Arkham is laced with religious allegory, tarot imagery and countless references to other "How much of it takes place in the character's head?" stories like Alice in Wonderland and even Psycho.
Much of it, though, is blended into a product of the characters' many obsessions. Anchoring the Batman narrative is the story of Amadeus Arkham, founder of the Asylum and someone who, through multiple tragedies and a childhood warped by trauma, eventually becomes a doomed patient at his own hospital. His quest to "heal" though is much like Batman's attempts to "save" - ultimately ineffectual.
Instead, the growing, terrifying realization seems to be that they're both merely the sun surrounded by orbiting beings who share whatever makes them sick. It's a detail physically brought to life by the pained Clayface, who approaches Batman with arms outstretched: "My skin is sick, Batman. It's rotten and seeping. Only you can help me. I just want to share my disease."
An angry Batman responds by beating him mercilessly.
Dave McKean's art renders the asylum as a maze with no patterns or wider reason. It's a fitting choice, as the book makes it clear that physically exiting the asylum in no way equates to mentally finding your way out. McKean and Morrison's approach to traditional comic book paneling further deepens the reader's "rabbit hole" feeling of being lost. It's all very beautiful, often in a macabre way, and the only character to emerge unscathed is the Joker, who a psychologist states possesses a kind of "super sanity" that allows him to deal with the world.

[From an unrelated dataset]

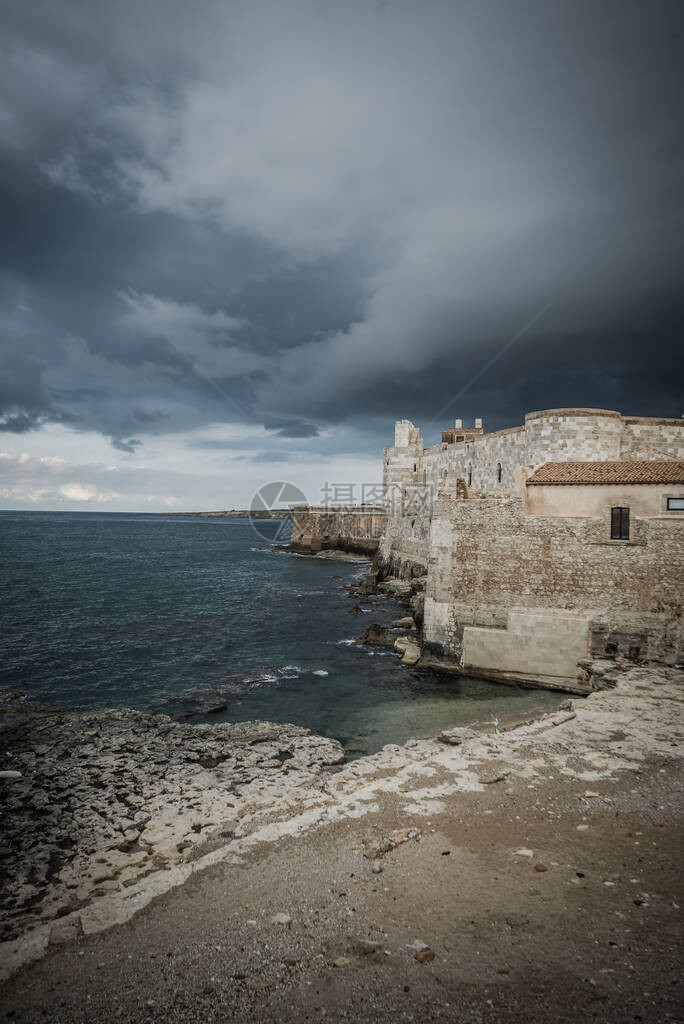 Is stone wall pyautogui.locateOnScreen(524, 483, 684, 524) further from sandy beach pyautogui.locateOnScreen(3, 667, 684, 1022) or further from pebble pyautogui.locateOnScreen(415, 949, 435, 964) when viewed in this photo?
pebble pyautogui.locateOnScreen(415, 949, 435, 964)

Or in this case, deal with Batman, the subject of deranged fascination from every character and especially the Joker, who treats him with flirtatious, sadistic glee.
Countless examples of Batman media have asked the question: "Does Batman create his own villains? Does his presence draw them out in some way or inspire them?" Arkham Asylum: A Serious House on a Serious Earth posits that maybe they were already there, figments of Batman's broken mind, lurking in the halls of a place that's more of a home than he'll ever realize.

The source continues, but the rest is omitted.